The James Bond franchise has known its fair share of controversies. Some movies are universally acclaimed, other are very polarizing. Many of the movies create passionate discussions among fans and critics alike and this is one of the pleasures of being a James Bond fan. And then there are the very few outings which many agree are the low points of the franchise. “The man with the golden gun” is the one movie which has the honor of being considered among the weakest both as a film (Christopher Lee’s performance as the villain Scaramanga is its only saving grace) and as a score.

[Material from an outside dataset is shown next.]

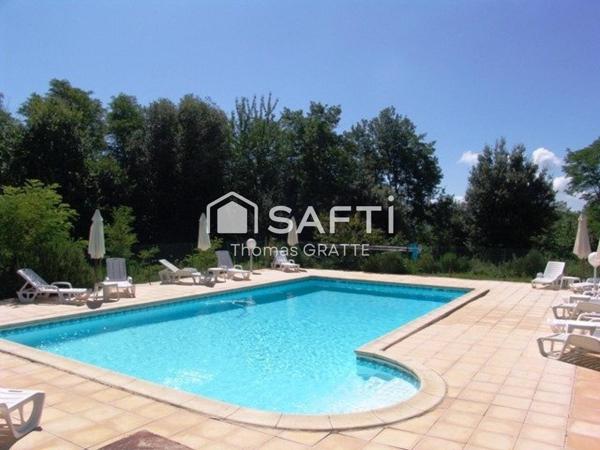 Propriété d’exception proche de Sarlat !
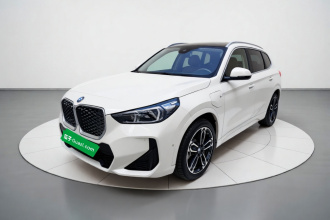 宝马iX1 2023款 xDrive30L M运动套装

John Barry himself said that this was the first time it happened to him to hate one of his scores.
I haven’t seen the movie, I wasn’t drawn to it. I have listened to the score and I am reviewing it as part of “John Barry month”. I will quickly brush off the main theme sung by Lulu because it is my least favorite from all Bond movies. “Scaramanga’s fun house” the theme for the famous villain is lackluster compared to what John Barry can do. It has the broken piano sound to suggest a mad carnival and suspense which doesn’t go anywhere. It alternates these sounds with cabaret inserts that make this cue seem all over the place.
This being John Barry there are moments of excellences hidden in this score. I enjoy the Bond like start to “Chew Me in Grisly Land”. The shadow of the Bond theme and the Asian inserts make for an enjoyable listen.

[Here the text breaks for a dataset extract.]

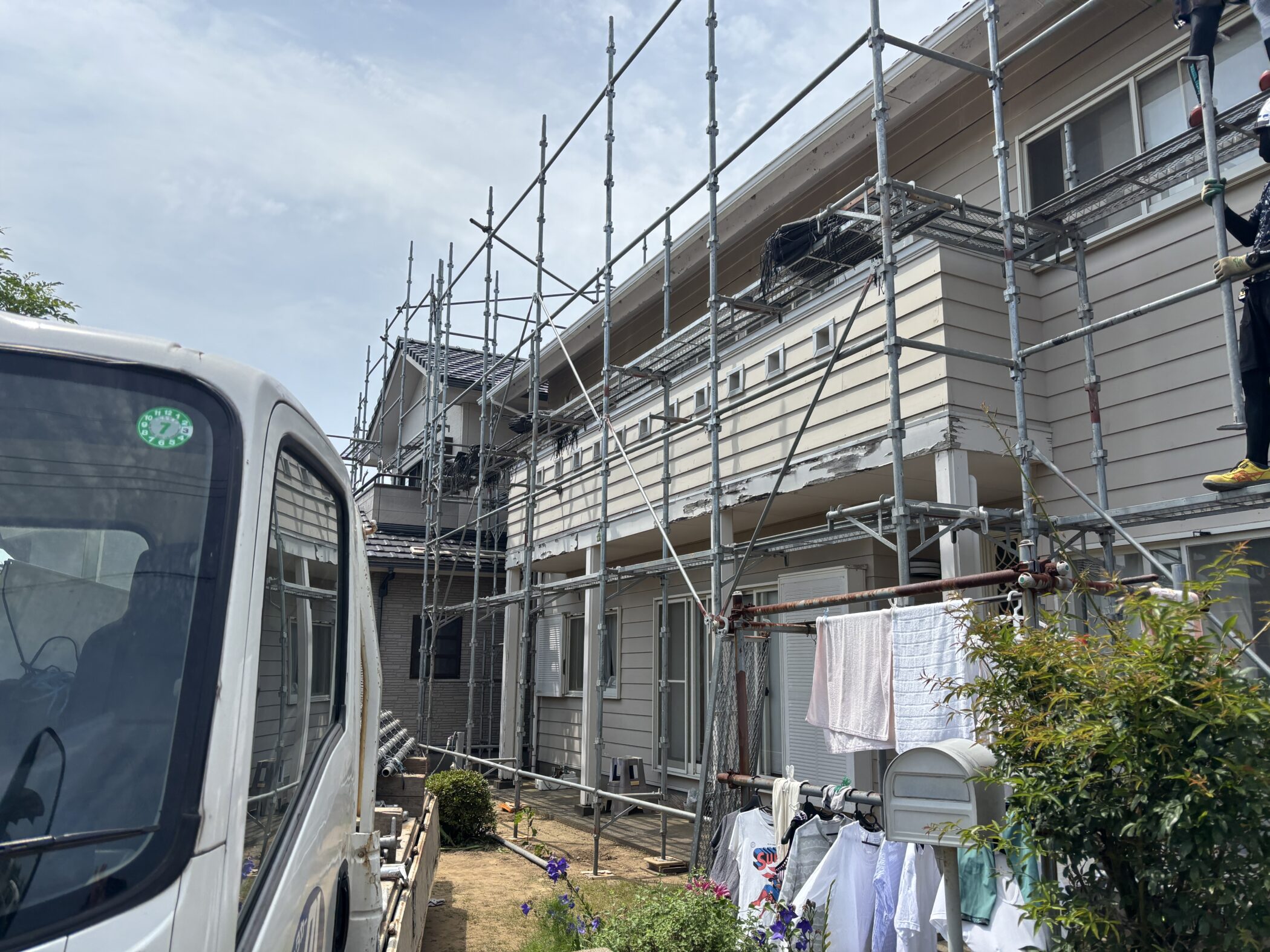 20260715_旭市E様邸_施工中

The main theme being so forgettable it doesn’t help the score either. It appears in instrumental form and to me it has nothing to do with the emotion and intensity of a James Bond score. Same can be said for the moody brass theme “Getting the bullet”. It would seem more appropriate for a luscious erotic thriller. If we listen to the lyrics of the main theme, it makes some kind of sense.
“Goodnight goodnight” was the most enjoyable cue for me. It was melodic and romantic Barry as usual and I recognized emotions that attract me to scores like these. This are the minutes from “The man with the golden gun” where John Barry brought his best game. This is the kind of quiet and melancholic piece I’ve grown to know and love. This is the reason every score is worth sitting through: there might be a gem hidden there somewhere.
The motif that starts “In search of Scaramanga’s island” is also a nugget of excellence. These scarce but precious moments keep “The man with the golden gun” out of last place in my personal rank of James Bond Scores. It is last among Barry compositions but, as you will see later, there are a couple of other scores that didn’t really do the franchise justice. James Bond fans will know what to do with this one. It’s simple: if some enjoyed the movie, they should listen to it. The others can move right along.